While Derrick Rose might prove otherwise by the end of the year, I don't like giving freshmen too much credit on one or two games, or potential, before they've actually done it against tough competition. So I went with Darren Collison edging out DJ Augustin. And I love Ty Lawson, too.


----------



## Blue (Jun 21, 2007)

Nimreitz said:


> Too bad Calathes is like 6'7'' and plays forward. You might be thinking of Jai Lucas who is actually Florida's point guard.


Um no, I know who Lucas is but i was talking about Calathes. Kid can play the 1, 2, or 3 and is definately the best PG on the team when they play him there. 

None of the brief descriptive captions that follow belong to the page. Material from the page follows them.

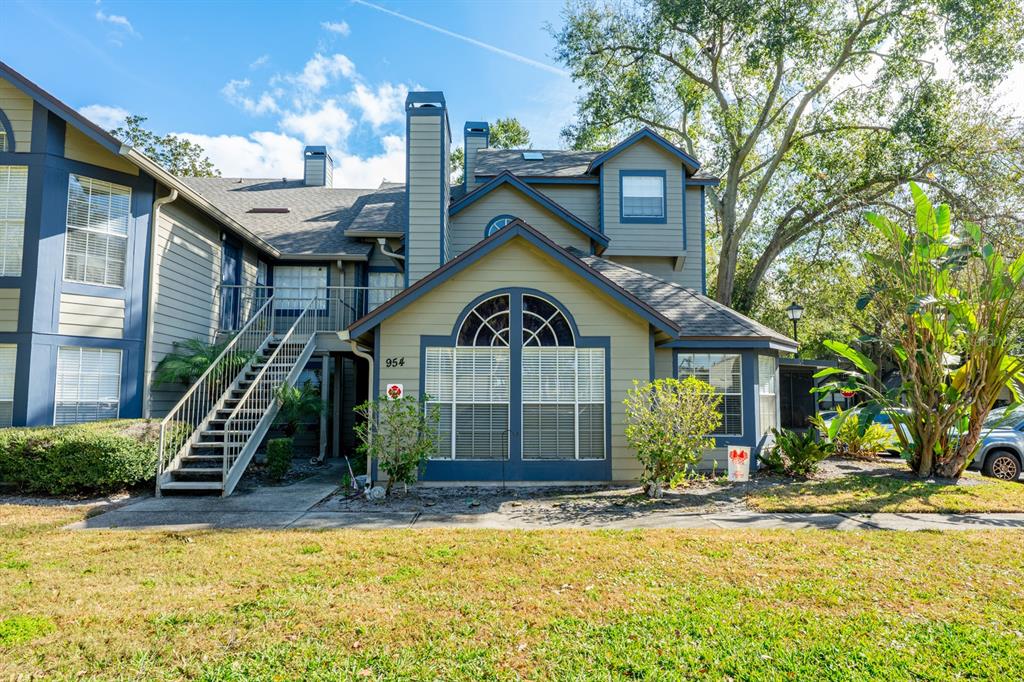 954 Forest Ridge Court, Unit 106 Lake Mary, FL 32746 - Photo 16 of 20 a front view of a house with a yard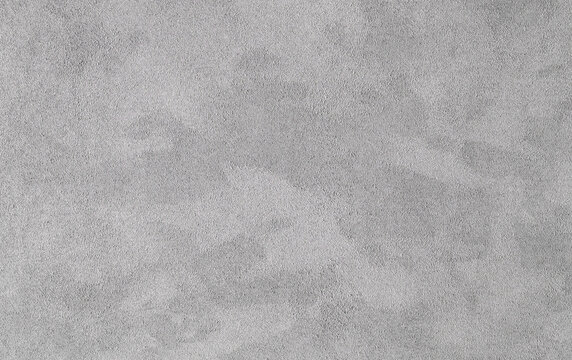 Faux grey Suede texture background, Alcantara texture use on premium computer notebook. Surface of leatherette for textured background.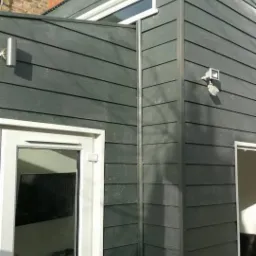 Elewacja domu w Gozdawie wykończona szarą, poziomą boazerią, z widocznymi białymi oknami i drzwiami oraz rynną.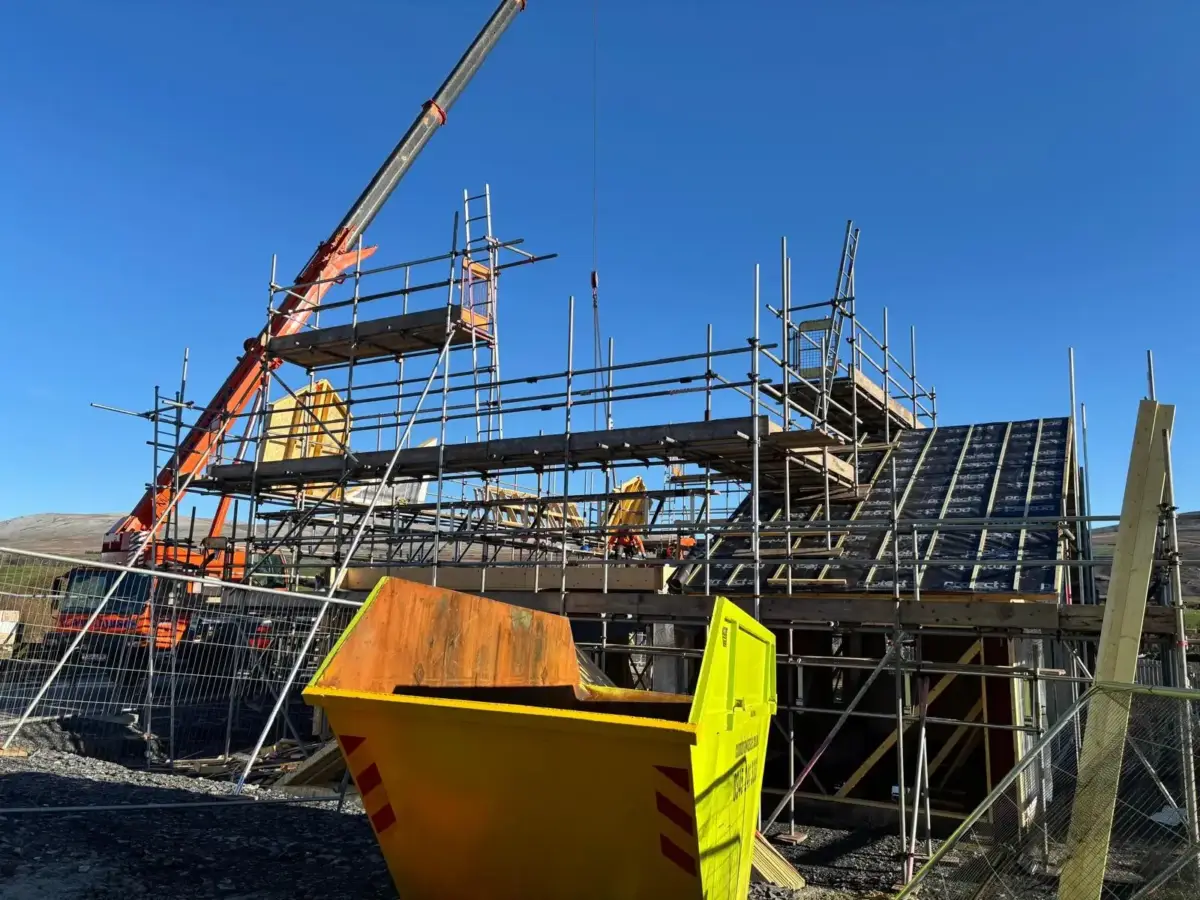 New build scaffolding with safe working platforms for bricklaying at Wellbank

Overall though, i would say Eric Maynor is the best PG in the country based on last year, followed by Singletary and Lawson....I think Rose will outshine the other fresh PG's, but Gordon and Calathes will be close behind. my opinion


----------



## mateer (Mar 26, 2003)

Lawson or Rose.


----------



## HB (May 1, 2004)

I wonder if Patty Mills will get into this discussion by seasons end


----------



## TM (Jun 30, 2003)

they were already talking about him on the ESPN pregame show


----------



## luther (Nov 2, 2007)

Watching the Tennessee v. Texas game at the moment, and I'm reminded just how good DJ Augustin is. Very quick with really good instincts for getting the right guys involved in the right spots.

Admittedly, though, with a hometown college team that has been led by Terrance Simmons, Mitch Ohnstad, Kerwin Fleming, Kevin Burleson, Adam Boone, Aaron Robinson, Kevin Payton, Lawrence McKenzie, Limar Wilson, etc. over the past decade, I tend to gush about point guards with even moderately good combinations of athleticism, skills and intelligence.


----------



## PM Thor (Oct 27, 2003)

I must once again push for Lavender. He won't get the points, but he runs the floor better than I have seen in a long time. X beat IU tonight, and Lavender helped to extend the IU defense, thus opening it up for the other players. The little things. Drew can change the focus of a defense just by his presence.

I know he won't get the national love, but damn, that guy can run a team like clockwork. Very, very good PG.


----------



## HKF (Dec 10, 2002)

Lavender has been terrific to start the season that's for sure.


----------



## HB (May 1, 2004)

I dont think I have seen anyone use the stutter step so well


----------



## MardyCollins (Nov 9, 2007)

drew lavender should be up there.


----------